Tuesday, August 18, 2009

Time to tell you that even busy winery owners need time off!

Leaving Wellington on a cold winter day (about 10 C) we flew to Fiji for 3 weeks holiday. It has been great, as the accompanying images show - warm days (25-30 C) and mild nights (20 C). Very pleasant indeed! Unbelievable as it may appear, it has been hard to leave work totally behind, even though we have a very capable team at the winery. I think when one owns a business, it is almost impossible to totally switch off. It is almost like having a child!!

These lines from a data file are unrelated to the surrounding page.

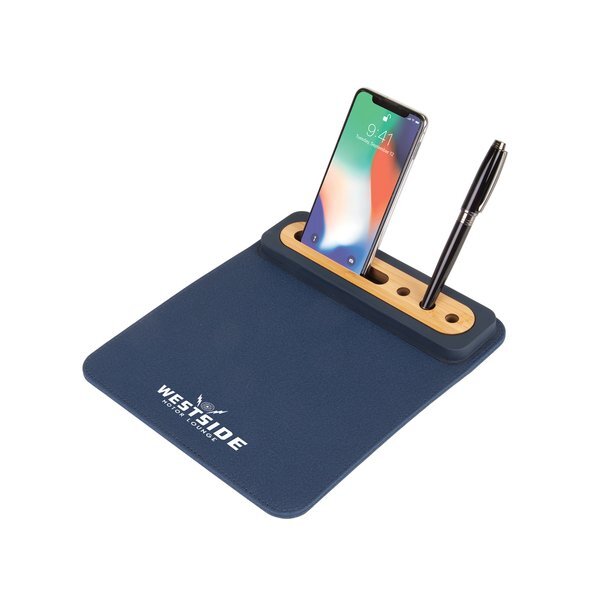 PU Mousepad w/ Bamboo Phone & Pen Holder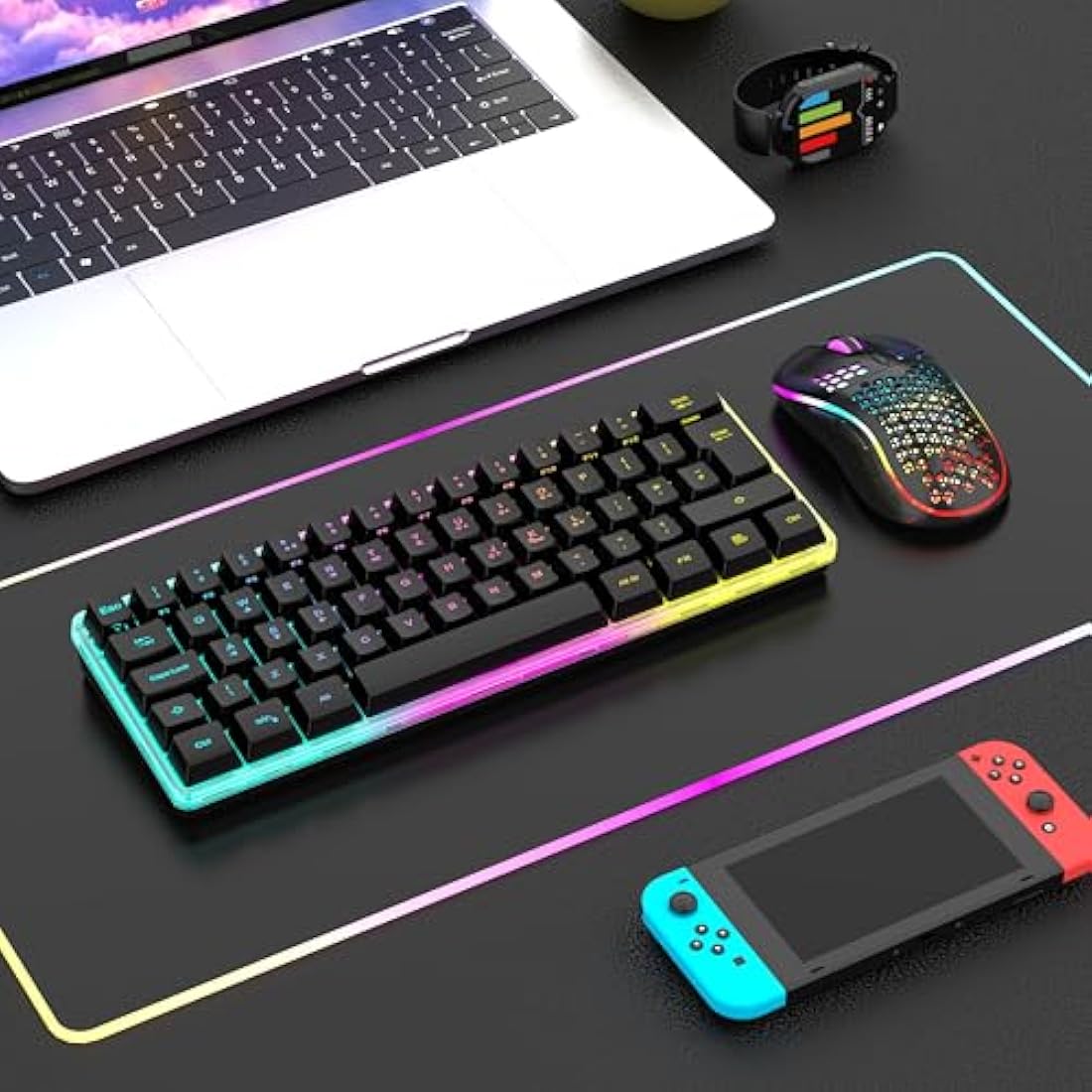 RedThunder K62 Wireless 60% RGB Gaming Keyboard and Mouse Combo, UK Layout 62 Keys Ultra Compact Backlit Mini Keyboard, Lightweight Cellular Optical Mouse, Portable Set for PC PS5 Xbox Gamers (Black)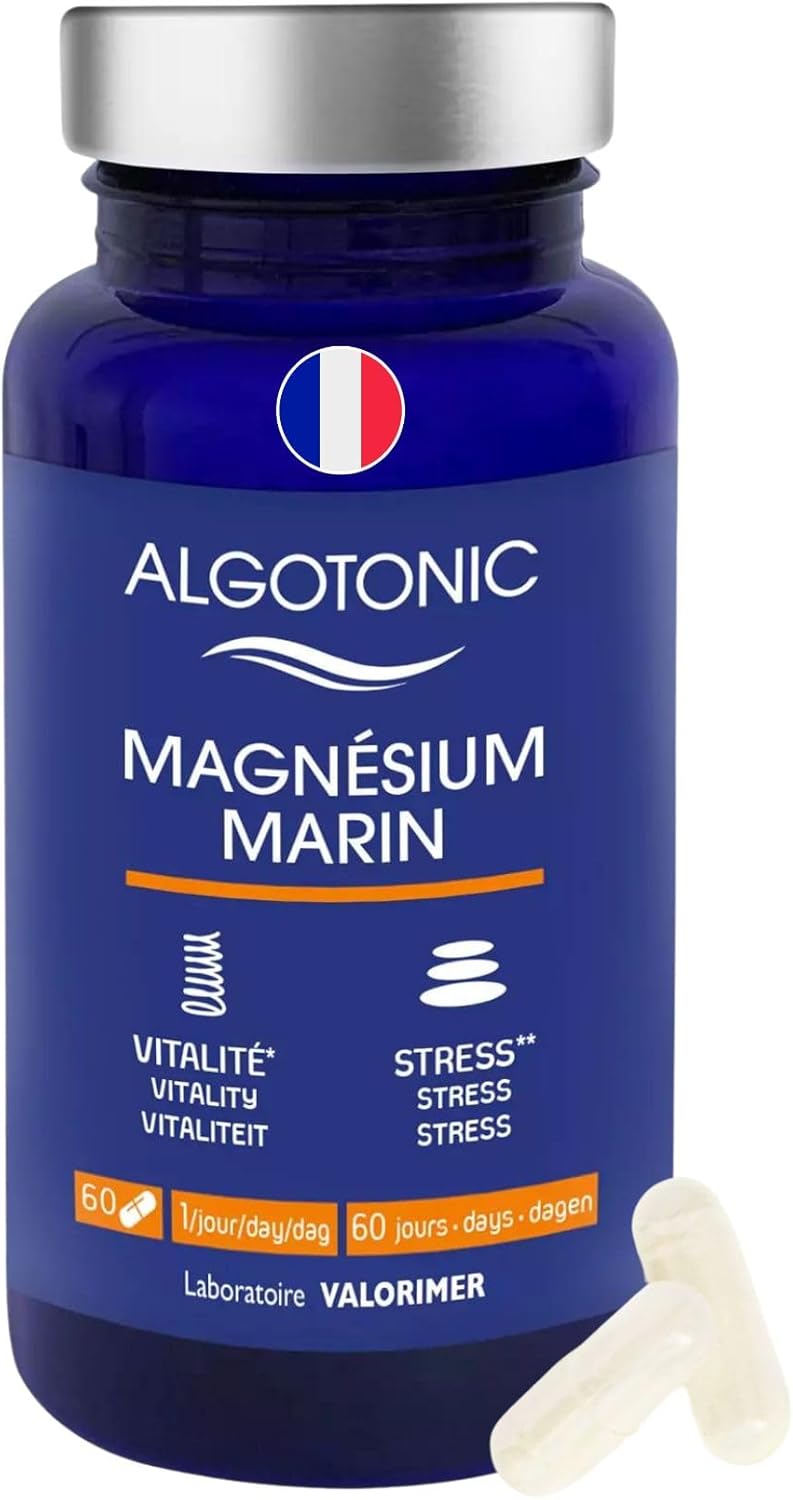 100% natural marine magnesium – 60 capsules – 60 day cure – Vitamin B6 – Strengthens the nervous system – Reduces fatigue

While we have been away, lots of things have been happening at work; the bottling process mentioned in earlier posts, finalising the 2009 wines and site developments. Most important of these is the sealing of our long gravel drive. No more dust in the café or cellar door, no more mud and potholes in winter and easier access for winery visitors.

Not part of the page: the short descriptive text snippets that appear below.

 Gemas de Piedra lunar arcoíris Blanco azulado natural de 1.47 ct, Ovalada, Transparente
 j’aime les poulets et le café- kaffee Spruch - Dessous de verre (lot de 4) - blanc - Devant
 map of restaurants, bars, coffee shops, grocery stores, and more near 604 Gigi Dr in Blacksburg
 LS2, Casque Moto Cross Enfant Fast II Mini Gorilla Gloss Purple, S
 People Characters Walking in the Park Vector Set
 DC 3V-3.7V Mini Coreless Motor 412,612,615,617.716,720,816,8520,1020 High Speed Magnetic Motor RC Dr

To be able to afford to do this after 10 years is a real thrill.

I will include some images of the work in a future post. This improvement will help us sell the winery and cafe for more weddings and functions, an important revenue item for us. We hosted over 20 wedding in each of the last 3 years - all of which were great fun for us and the wedding parties

Monday, August 17, 2009

As mentioned in the last posting, while the final 2009 ferments are finishing in the winery, we are preparing to bottle the 2008 reds. That requires ordering cartons, screw-caps, labels and dividers from all our suppliers, then booking time at the busy local bottling plant. After that we finalise any blends, like our ‘2008 Martinborough Cabernets, and bring the wines up to the correct temperature for bottling. Like all liquids wine expands when warm and contracts when cold, so it is important to be in the right band to ensure the volume of wine put into each bottle is correct.

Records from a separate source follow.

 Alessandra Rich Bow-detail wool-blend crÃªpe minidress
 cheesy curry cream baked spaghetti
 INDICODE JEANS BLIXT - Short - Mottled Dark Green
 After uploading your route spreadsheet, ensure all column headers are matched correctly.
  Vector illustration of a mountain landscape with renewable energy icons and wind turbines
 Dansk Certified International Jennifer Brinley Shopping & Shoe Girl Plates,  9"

In 3 weeks we will bottle all the 2008 pinot Noirs (the Fraser barrel selection, the Blue Rock single vineyard wines, and the Martinborough regional blend) as well as the 2008 Cabernets. All require different labels, different bar codes, different size cartons and dividers, different colour closures, and different bottles; all of which is a huge logistical and planning exercise. Sometimes I wish we made just one wine like a lot of the Marlborough Sauvignon Blanc producers – bottling time must be much easier for them!

Monday, August 10, 2009

Maria's Birthday!

In the last week of September, we celebrated Maria’s birthday, as you can see from the accompanying image.

In a small company all members of the team need the skills, and willingness, to turn their hand to anything. Maria is no exception to the rule! She successfully runs our office and is the face of the company to the outside world – there is nothing she cannot do – tours, tasting, accounts, reception, and telephones are just a few. And, at vintage, she was responsible for the transport of grapes from the picking team to the press.

In the winery we are just about to blend the 2008 Fraser and Blue Rock Pinot Noirs, as well as the 2008 Cabernets (50:50 Cabernet Franc and Cabernet Sauvignon). These wines will be released about 2 months after bottling, so they can recover from bottle shock. Bottle shock is the term given to wines just after they are bottled – the bottling line is hard on wines. Filters, pumps and vibrations all contribute to shaking the wine up and most take about 2 months to come back to their pre-bottling state.

For those following the saga of the stuck ferment, Carl has it working once more so we all are able to relax again, and look forward to bottling the whites on time!